Every time someone brings you a problem, ask them how they would attack it – then agree with their solution and tell them that they didn’t need your input after all. It won’t take long before they realize that you’re not going to accept “the monkey” being transferred from them to you. This only works if your employees are knowledgeable and can make good common-sense decisions. If not, retrain or replace them. The other prerequisite for the effectiveness of this response is if you are not a dictator whose only acceptable decision is one that you made personally. You may not consider yourself as a “control freak”, but many agents can not accept an answer that is different than theirs, even if both would work well.

5. My carriers DRIVE ME CRAZY!!! They are unrealistic in their expectations and are not helpful to me. They practice asking for business, then refusing my submissions. But I can’t live without them. What shall I do?

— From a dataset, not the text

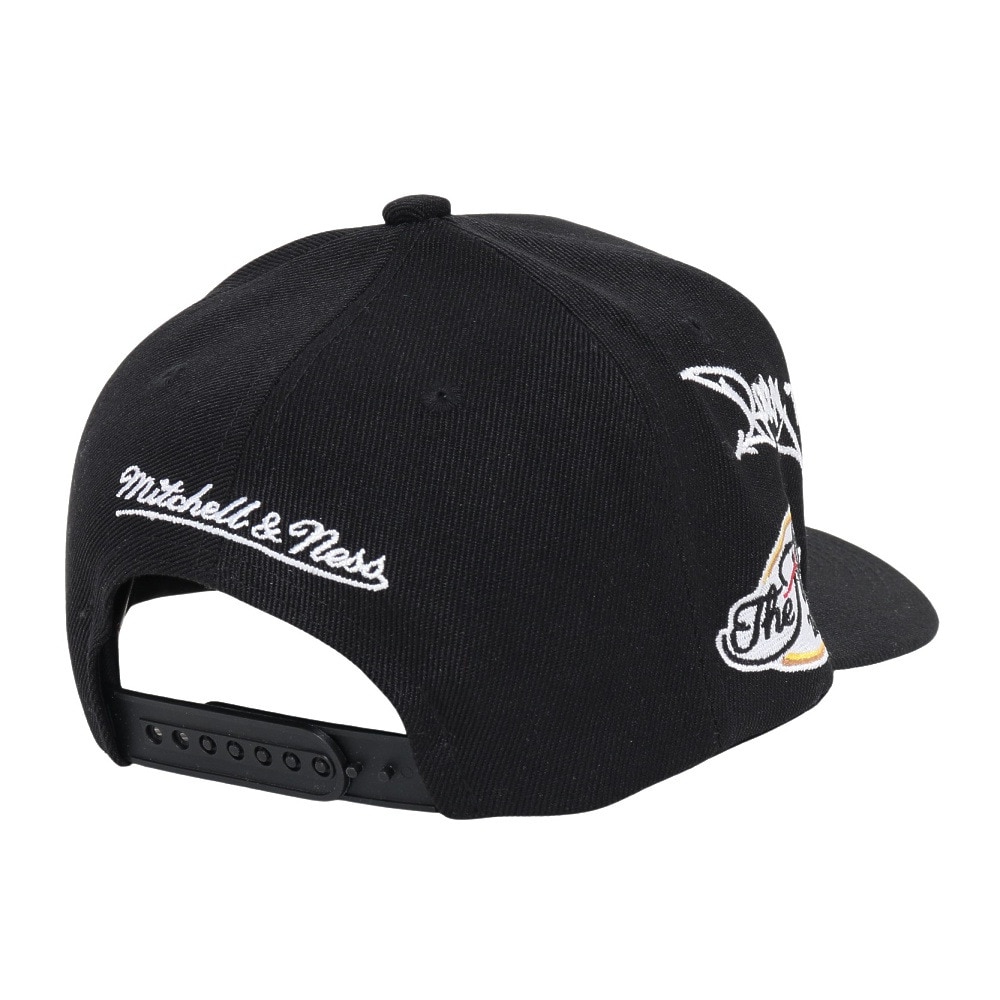 ミッチェルアンドネス（Mitchell&Ness）（メンズ、レディース）SNAPBACK キャップ HP10055-BCEBLCK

ANSWER: First, understand that many of the carrier edicts you get from your field staff come from their home office and do not consider their input at all. They must bring you the company line, whether or not they agree. This results in some cases have been cynical field representatives and underwriters who do as they are told. There is little you can do to resolve their issues. However, there is a relationship building exercise that usually results in much better interactions with the carriers at the field office level.

When you create and implement your Strategic Plan (if you don’t do so yet – begin), include the carriers who you want to be your business partners. By including the underwriters, marketers or field officers in your Plans and in their implementation, you create a synergy that merges your goals with those of your favored companies. Then the proof is in the implementation – for both you and for the companies. If you “walk the talk” and your results meet your (and your companies’) expectations you will find the next year much easier and more cooperative than the prior year. The risk is in you planning to do much with little results. Relationships with carriers can deteriorate when commitments are made and not implemented. Similarly, your challenge to the carriers is to participate with you in your mutual success. If you do what you say you will do, but they don’t perform accordingly, you will know that your relationship issues are theirs, not yours and you should “go shopping” for companies who can meet your agency’s needs.

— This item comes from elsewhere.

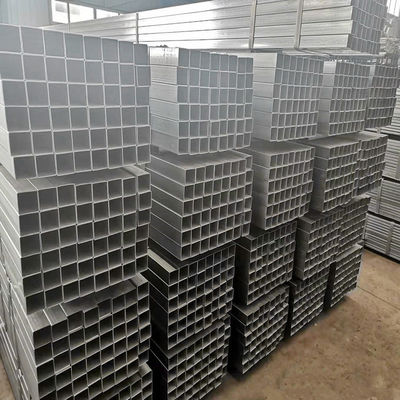 ASTM-Standard für vorverzinkte Stahlrohre mit quadratischem Hohlschnitt für die Klasse Q195/Q235/Q345/SS400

It is your decision whether to stay on that comfortable, but boring treadmill. After all, you are making a living and, regardless of your frustrations, being an agency owner is not the worst profession on earth. When the frustrations get big enough, agency owners are comparing CHANGE to RETIREMENT. If the pain of change is more ominous than the pain of retirement (or merging out of existence), then the decision is obvious. However, agency owners must be aware that their contemporaries have met each challenge that they have experienced and have broken through to profit, growth and professionalism. There is plenty of help available to attack the frustrations and problems of running an agency if they are up to the challenge and would like to see their agencies continue and perpetuate themselves internally.